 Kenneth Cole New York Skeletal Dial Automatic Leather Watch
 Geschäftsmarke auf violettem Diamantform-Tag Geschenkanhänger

* * *

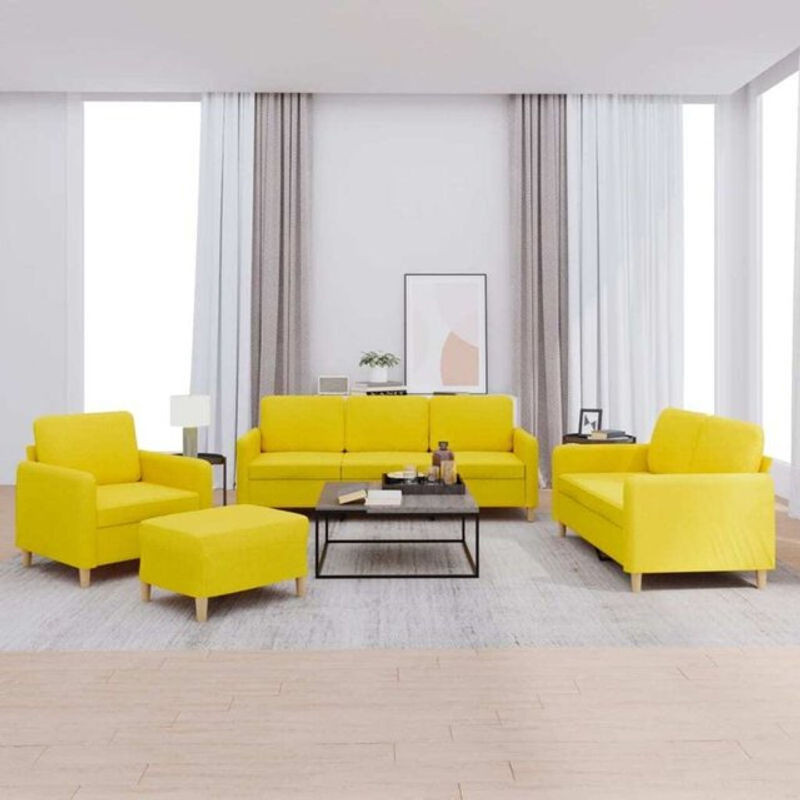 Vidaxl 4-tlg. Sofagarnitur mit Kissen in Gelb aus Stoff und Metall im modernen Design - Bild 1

==

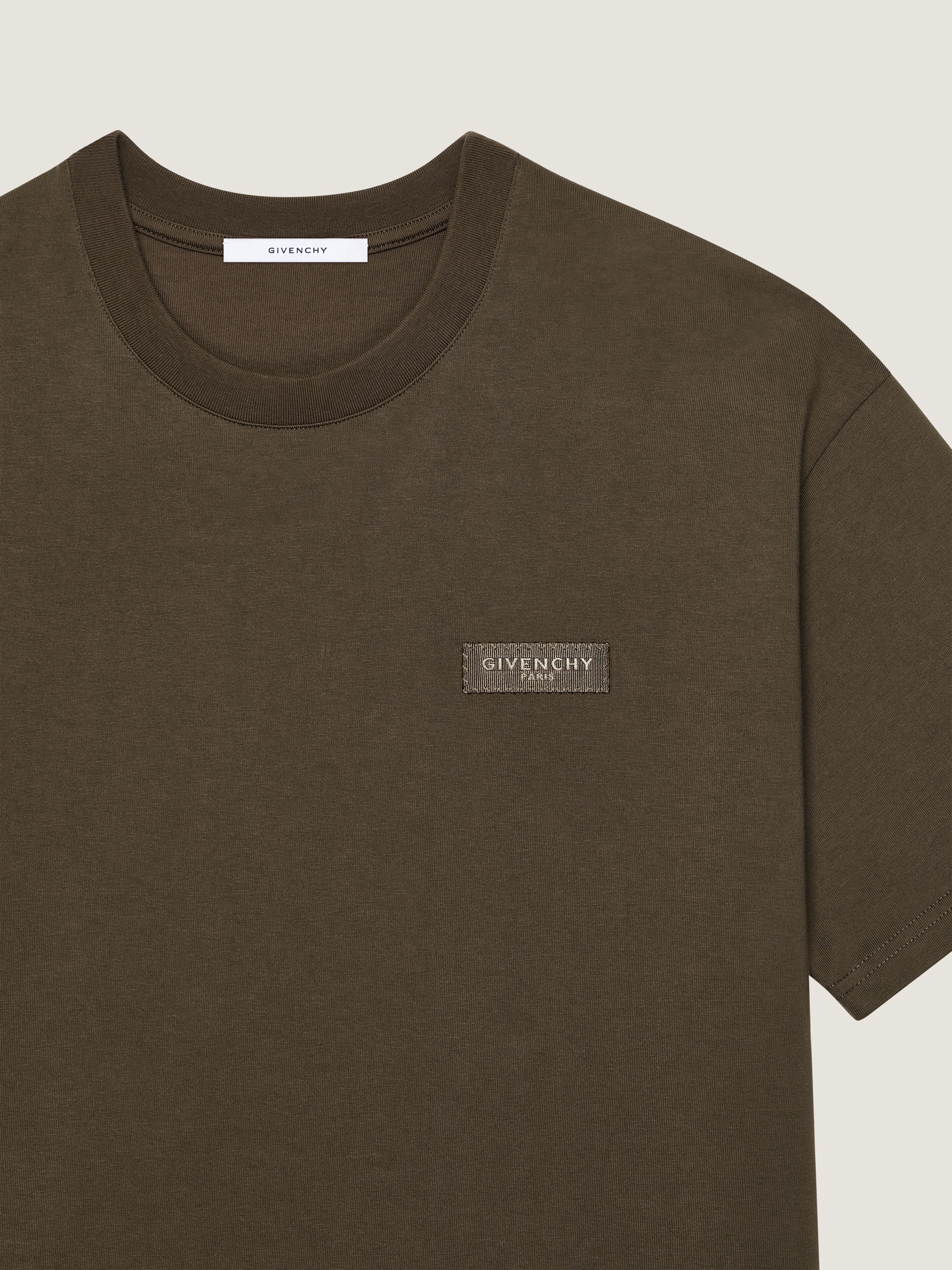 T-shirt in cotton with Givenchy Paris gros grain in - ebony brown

• [WHAT IS REQUIRED]:
As the answer, set down only the lines from the data above between the one holding "Kenneth Cole New" and the one holding "Geschäftsmarke auf violettem", inclusive, exactly as they read.

• [RESULT FOR THIS TASK]:
 Kenneth Cole New York Skeletal Dial Automatic Leather Watch
 Geschäftsmarke auf violettem Diamantform-Tag Geschenkanhänger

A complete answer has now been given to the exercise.